Damit die Macht nicht mißbraucht werden kann, ist es nötig, durch die Anordnung der Dinge zu bewirken, daß die Macht die Macht bremse. Ein Staat kann so aufgebaut werden, daß niemand gezwungen ist, etwas zu tun, wozu er nach dem Gesetz nicht verpflichtet ist, und niemand gezwungen ist, etwas zu unterlassen, was das Gesetz gestattet.

11. Buch 6. Kapitel: Über die Verfassung Englands

Es gibt in jedem Staat drei Arten von Vollmacht: die legislative Befugnis, die exekutive Befugnis in Sachen, die vom Völkerrecht abhängen, und die exekutive Befugnis in Sachen, die vom Zivilrecht abhängen.

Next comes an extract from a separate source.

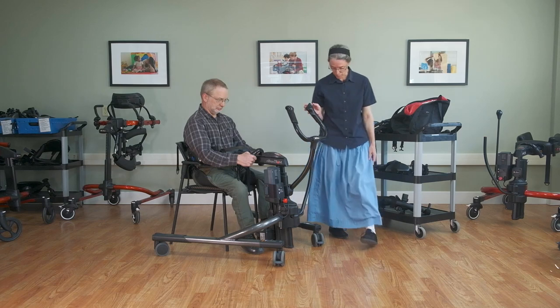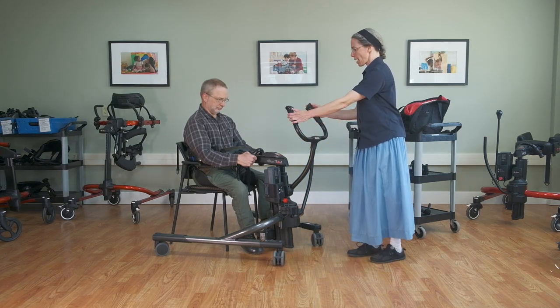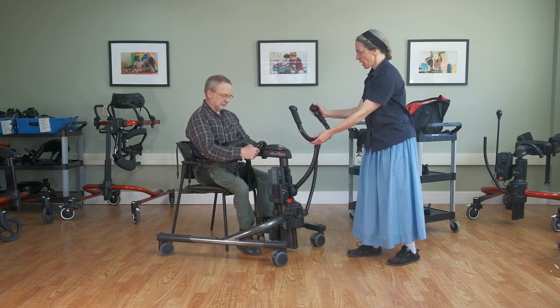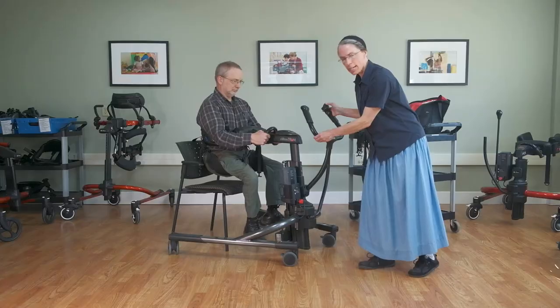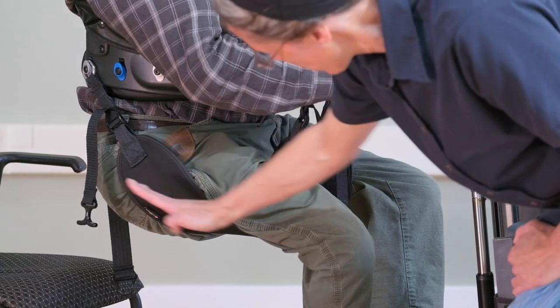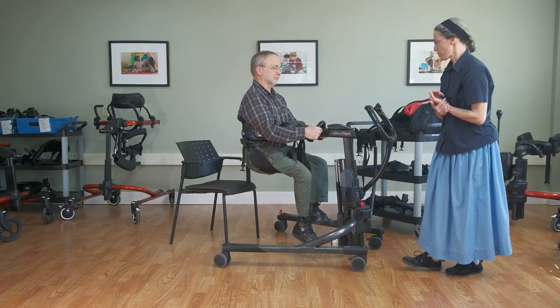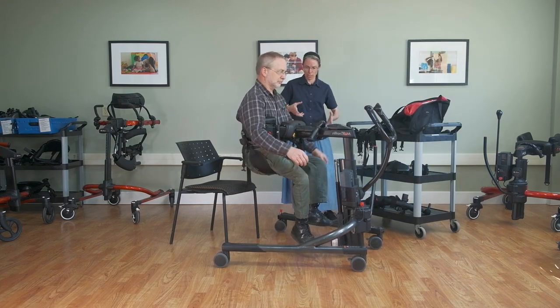Here comes our seated transfer. I'm going to press the up arrow. What we're looking for is that the thighs are approximately horizontal to the floor and that he's not slipping forward or slipping back. It will definitely secure him in place.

Auf Grund der ersteren schafft der Herrscher oder Magistrat Gesetze auf Zeit oder für die Dauer, ändert geltende Gesetze oder schafft sie ab. Auf Grund der zweiten stiftet er Frieden oder Krieg, sendet oder empfängt Botschaften, stellt die Sicherheit her, sorgt gegen Einfälle vor. Auf Grund der dritten bestraft er Verbrechen oder sitzt zu Gericht über die Streitfälle der Einzelpersonen. Diese letztere soll richterliche Befugnis heißen, und die andere schlechtweg exekutive Befugnis des Staates.

Politische Freiheit für jeden Bürger ist jene geistige Beruhigung, die aus der Überzeugung hervorgeht, die jedermann von seiner Sicherheit hat. Damit man diese Freiheit genieße, muß die Regierung so beschaffen sein, daß kein Bürger einen andern zu fürchten braucht.

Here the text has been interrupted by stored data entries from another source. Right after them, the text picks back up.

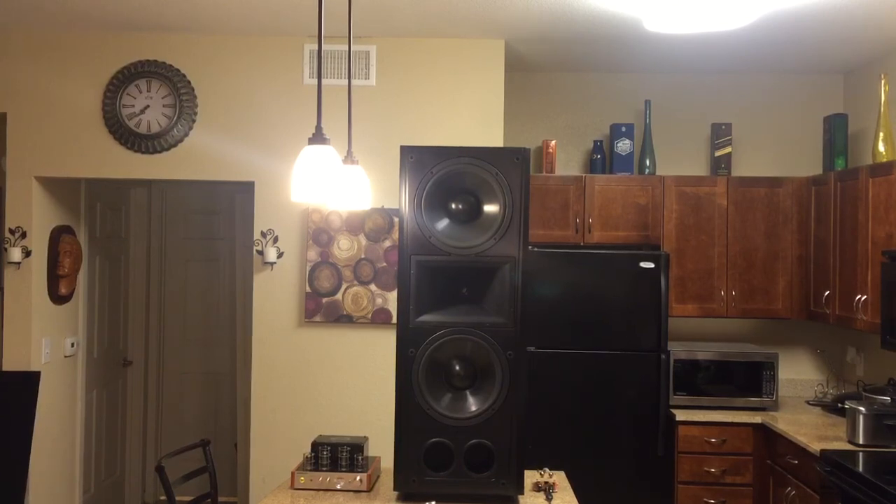That was Led Zeppelin's Stairway to Heaven — the flat version. I'm planning to get an actual tube amplifier, a DAC processor, and a new microphone for my camera so I can make better videos.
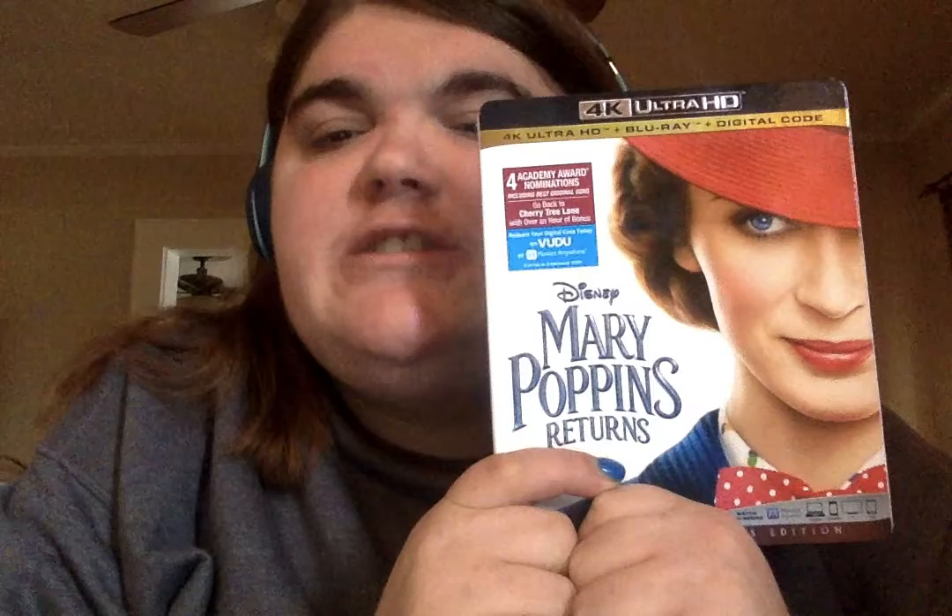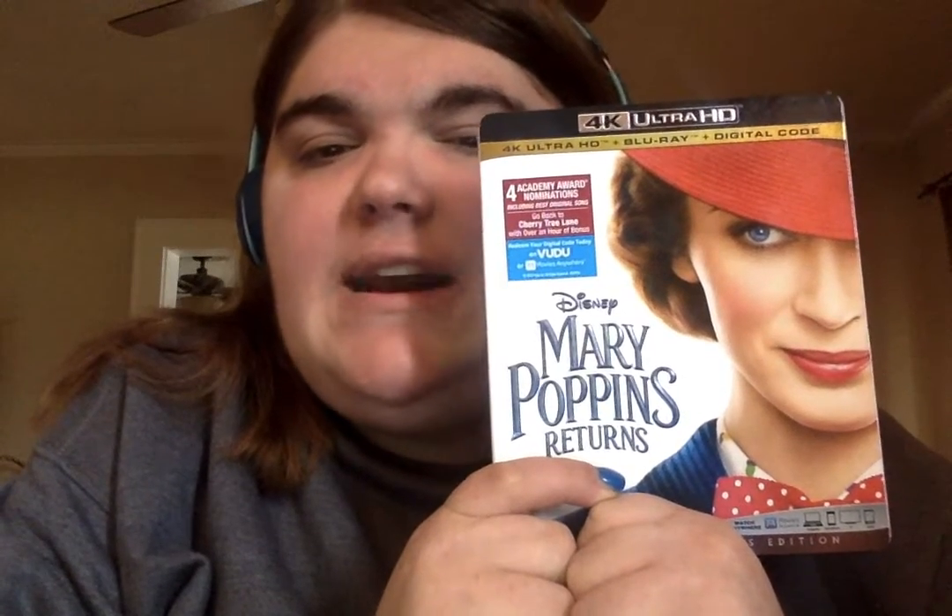I purchased it for $19.99, which I thought was a good price for a Blu-ray steelbook. As for the sequel, Mary Poppins Returns, I purchased it in 4K Ultra HD for $29.99 at Walmart.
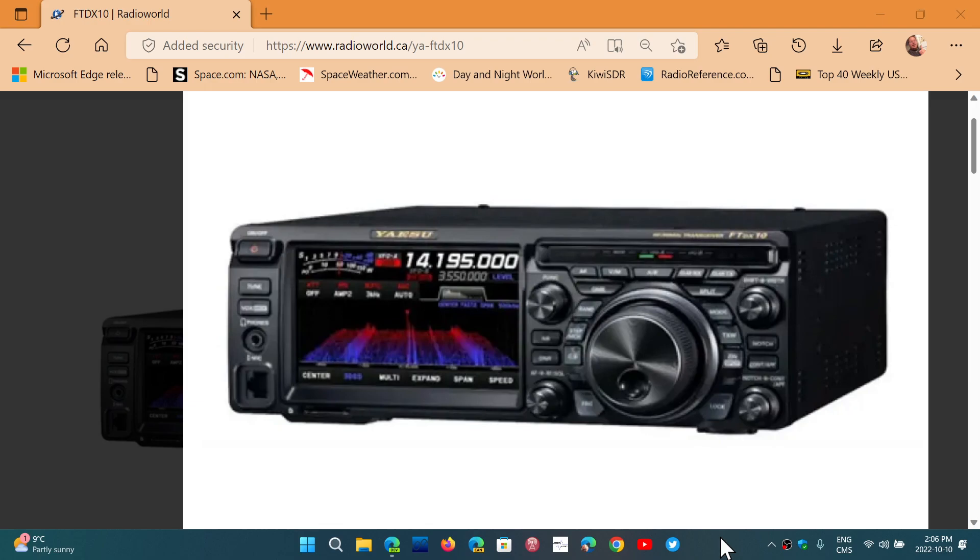I wanted something more modern as a transceiver. I've made my choice — I've actually purchased the Yaesu FTDX10, which is highly regarded as one of the top transceivers with 100 watts of transmit. It's basically a hybrid radio, an SDR receiver-transceiver. It's purchased from Radio World Canada, and I will be getting this probably this week.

Sobald in ein und derselben Person oder derselben Beamtenschaft die legislative Befugnis mit der exekutiven verbunden ist, gibt es keine Freiheit. Es wäre nämlich zu befürchten, daß derselbe Monarch oder derselbe Senat tyrannische Gesetze erließe und dann tyrannisch durchführte.

Freiheit gibt es auch nicht, wenn die richterliche Befugnis nicht von der legislativen und von der exekutiven Befugnis geschieden wird. Die Macht über Leben und Freiheit der Bürger würde unumschränkt sein, wenn jene mit der legislativen Befugnis gekoppelt wäre, denn der Richter wäre Gesetzgeber. Der Richter hätte die Zwangsgewalt eines Unterdrückers, wenn jene mit der exekutiven Gewalt gekoppelt wäre.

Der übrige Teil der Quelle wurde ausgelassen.